Diyanet’in 9 yaşındaki kız çocuklarının evlenebileceği ve gebe kalabileceği ile ilgili söylemini duymayanımız, içi öfkeyle dolmayanımız kalmamıştır. Bu tanımı yaparken, “buluğ çağına girmiş olanların dinen evlendirilebileceği, buluğ çağ alt sınırının kızlarda 9 erkeklerde 12” olduğunu belirtti. Ergenlik çağına girmiş kız çocuklarının nikahlanırken yanlarında velilerinin olmasının uygun olacağını, ‘veli olmasa da olabileceğini’ ve bu minvalde ‘evliliğin kişiyi zinadan koruyacağını’ belirtti. Bu söylemlerin üstüne, biz kadınların yaşamları üzerinde tahakküm kurmaya çalışan zihniyete cevap verme hakkı da bizlere düştü.
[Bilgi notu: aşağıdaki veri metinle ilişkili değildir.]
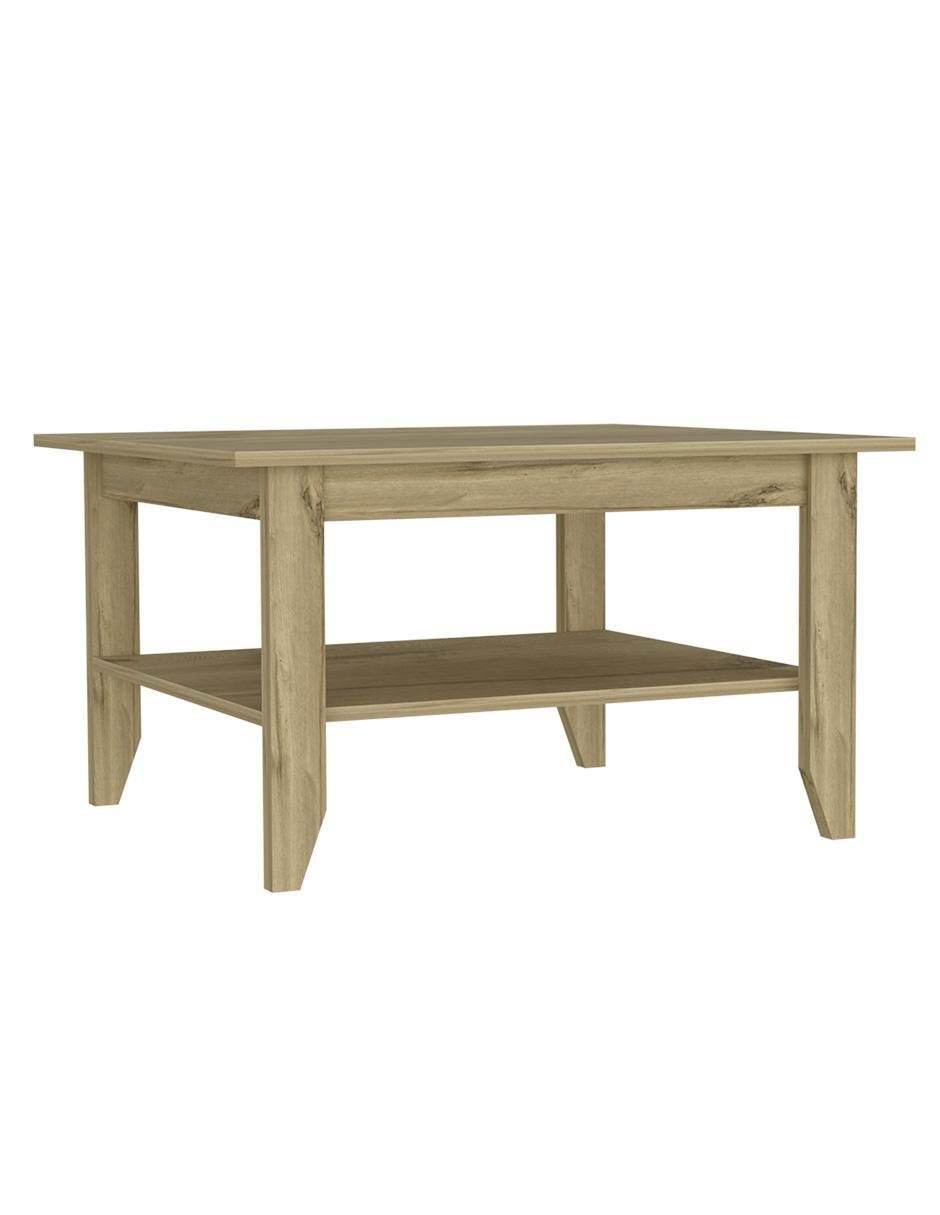 Mesa de centro Essential 2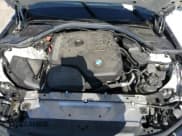 ✅ 2021 BMW 3 Series 330i xDrive • VIN: 3MW5R7J07M8B69279 • Lot: 84652945. Wystawiony na Copart z przebiegiem Nie podano. Bezpłatny archiwum sprzedaży aukcyjnych z USA i szczegółowy raport historii pojazdu na DreamBid. Zdjęcie 11.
Birkaç cümle üzerinde anlatılıp, diyanetin ‘yanlış anlaşıldık’ cümlesi ile üzerini kapatacağı bir durum değil bu. Aslında politik temellerine inip, kadın düşmanlığını nasıl beslediklerini ve bu cümleleri kurma cesaretini nereden aldıklarına bakmak gerekir.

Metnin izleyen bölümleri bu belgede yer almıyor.